While US ports and container terminals still resist a regulatory drive to curtail detention and demurrage (D&D) charges, several shipping lines have stopped charging cargo owners and truckers on days when terminals are closed.
The threat of further legislation against antitrust immunity may be a factor.
The US Federal Maritime Commission (FMC) has been questioning container terminals and the 11 largest box lines serving the US on their policy of charging D&D fees when their facilities are closed.
Over the past couple of years shippers and truckers have protested furiously over being charged when they had been unable to get access to congested terminals.
These protests were the fuel for the Ocean Shipping Reform Act of 2022, which charged the FMC with new rulemaking and guidance on D&D, and the authority duly produced a Notice of Proposed Rulemaking, aimed at curtailing the elbow room for terminals and carriers to levy such charges.
One of notice’s controversial elements is that terminals should have a direct contractual relationship with cargo owners in order to bill them for demurrage. This would force terminals to charge carriers, who would then pass the bill to their clients.
But the bigger concern for terminals is the plan to ban charges for days when port facilities are closed. An early taste of this came in December, when the FMC ordered Evergreen to refund $510 to a trucking company for detention fees levied in 2020 when the terminal in question was closed over the Memorial Day weekend.
FMC chairman Daniel Maffei said the organisation was not out to ban D&D charges, which he called “very important to keep cargo flowing”, but stressed it wanted to change “what I believe has become a practice of using demurrage and detention as a revenue centre, as opposed to strictly an incentive to pick up cargo and return equipment”.

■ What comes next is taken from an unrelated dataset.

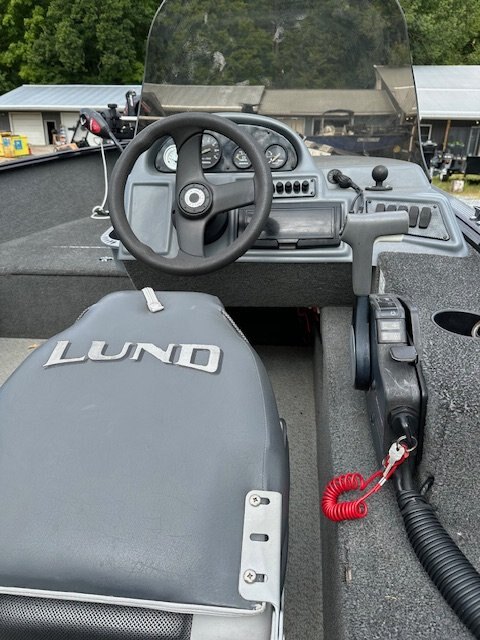 2010 LUND 1625 REBEL SS W/ 50HP HONDA 4S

Ports America and the National Association of Waterfront Employers argue the FMC is overstepping its mandate, but no longer have the full backing of the container lines. Over the past month, three have announced they are axing D&D charges on days when facilities are closed.
Maersk was the first to declare its change of policy and HMM and MSC followed suit. Both HMM and MSC said they were working with the FMC on the issue, signalling that they had come to terms with the prospect of the emerging rules banning charges in such situations. The final set of rules from the FMC is due on 15 June.
“The carriers know they pulled a fast one,” said one industry executive. “Over the past two years they began to claw back contractual excess free times they had previously granted customers. Simultaneously they raised the daily D&D fees,” he added.
And there may be another reason for the carriers’ conciliatory stance: a new, bipartisan, piece of legislation now before the US Congress seeks to repeal limited antitrust immunity for non-US ocean carriers.
The authors of the proposed Ocean Shipping Antitrust Enforcement Act claim it would stop alleged abuses by carriers, from price gouging to refusing to accept US export shipments. A similar draft bill was tabled last year by one of the congressmen involved this time, but failed to gather support.
Container lines are concerned about the headwinds they are facing from regulators, the industry executive reckoned, and added: “They’re nervous because of the antagonistic stance of the European Commission and the FMC.”